Plans call for the building to be removed so that parking can be provided and a structure to house amenities like bathrooms constructed.

Objections to the purchase came from two sources.

One lawyer, who said he represented 1,360 Highland House neighbors, objected to adding parking on an already overburdened roadway. A second stood to question the county’s claim to ownership of a parcel behind the building the public will use to get to the beach.

Robert McGill, the attorney representing the residents of nearby subdivisions, argued that a 2014 parking study had advised the county not to add parking on the section of 30A in question and noted there were already a number of beach walkways in the area.

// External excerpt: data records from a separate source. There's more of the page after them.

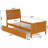 Fitzsimmons Solid Wood Platform Bed with Matching Footboard and Trundle-156627433-156626967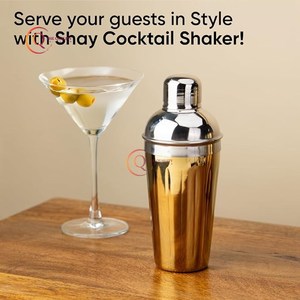 Shaker à cocktail élégant et moderne pour les fêtes de bar et de restaurant Mélangeur à cocktail Agitateur à cocktail Accessoires de bar faits à la main - Product Image 6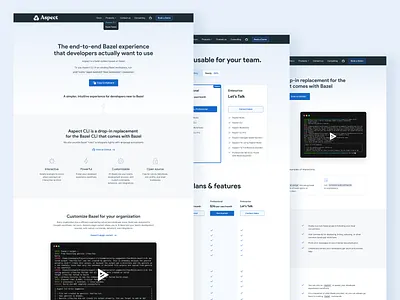 Bazel plugins website bazel clean design dev website development figma minimal plugin presentation price price table responsive saas saas website ui ux web webflow website website design
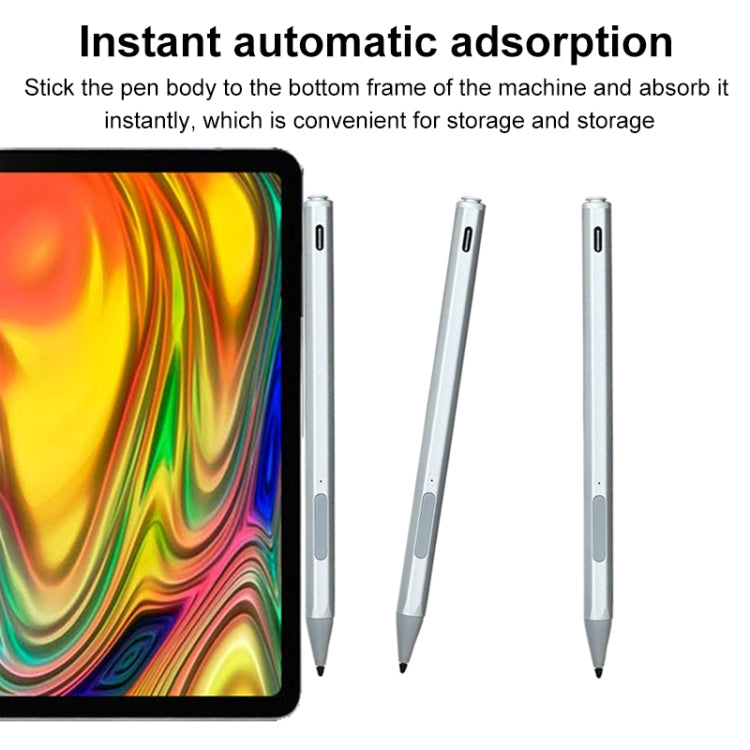 WR19 4096 USB-C/Type-C Pressure-Sensitive Stylus Pen(Silver) - Stylus Pen by PMC TechLife | Online Shopping South Africa | PMC TechLife | Buy Now Pay Later Mobicred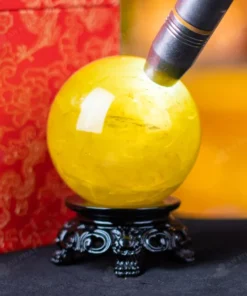 Quả Cầu Phong Thủy Đá Thạch Anh Vàng - 0,65kg - M1453065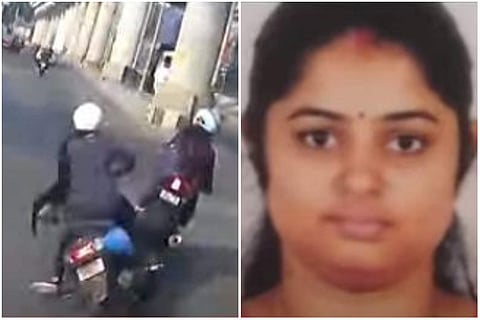 അപകടത്തിന്റെ സിസിടിവി ദൃശ്യം, കാവ്യ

McGill and his clients were rebuked by acting Commission Chair Tony Anderson.

“Everybody says, buy more beach property,” Anderson said. “And every time we bring up something people from that neighborhood say ‘well don’t buy it here.’ ”

Anderson said he would have been more agreeable to listen to arguments from the neighboring community had passage of HB 631 not made public beach access a Walton County priority.

“We’re playing by a different set of rules now,” he said. “If this was a 75-foot piece of property I would not feel so highly about it, but this is nearly 1,000 feet of beach.”

Attorney Mike Burke disputed the county’s claim that it owned enough property behind the Highlands House structure to provide a public walkway from its planned facility to the beach.

As County Attorney Sidney Noyes explained, the county acquired ownership of the property behind the former bed and breakfast through a government easement, and maintains possession of a parcel of land along the western border of the lot behind Highlands House. It still maintains, Noyes said, access across property owned by the Hartzog family.

Burke, who represents the Hartzog family, questioned the county's claim. He said easements like those the county wants to use for beach goer access, are, in the opinion of his clients, intended to allow for roads or utilities, “not pedestrian beach access.”

Noyes did not respond to an inquiry about the potential property dispute. Burke did not return a phone call before press time Wednesday.

Jay Tusa, the executive director of the Walton County TDC, told commissioners that he believed the construction of the public access should be done alongside a "revamping" of the area around the Highlands House property, to include answering parking questions, studying signalization of the intersection of 30A and County Road 393 and keeping abreast of neighbor concerns.

"I think if we put the right effort into it, we can get the result we want out of it," he said.

County Commissioners also voted Tuesday to accept four nominees to sit on the TDC board of directors.

Tom Cooper of the South Walton Fire District was selected to serve as an elected official. Jennifer Frost with Resort Quest was selected as the owner/operator representative, restaurateur and business owner. Jim Shirley will represent tourism-related industries and Sherry Hamilton from Ayls Beach will serve as a tourism related/owner operator.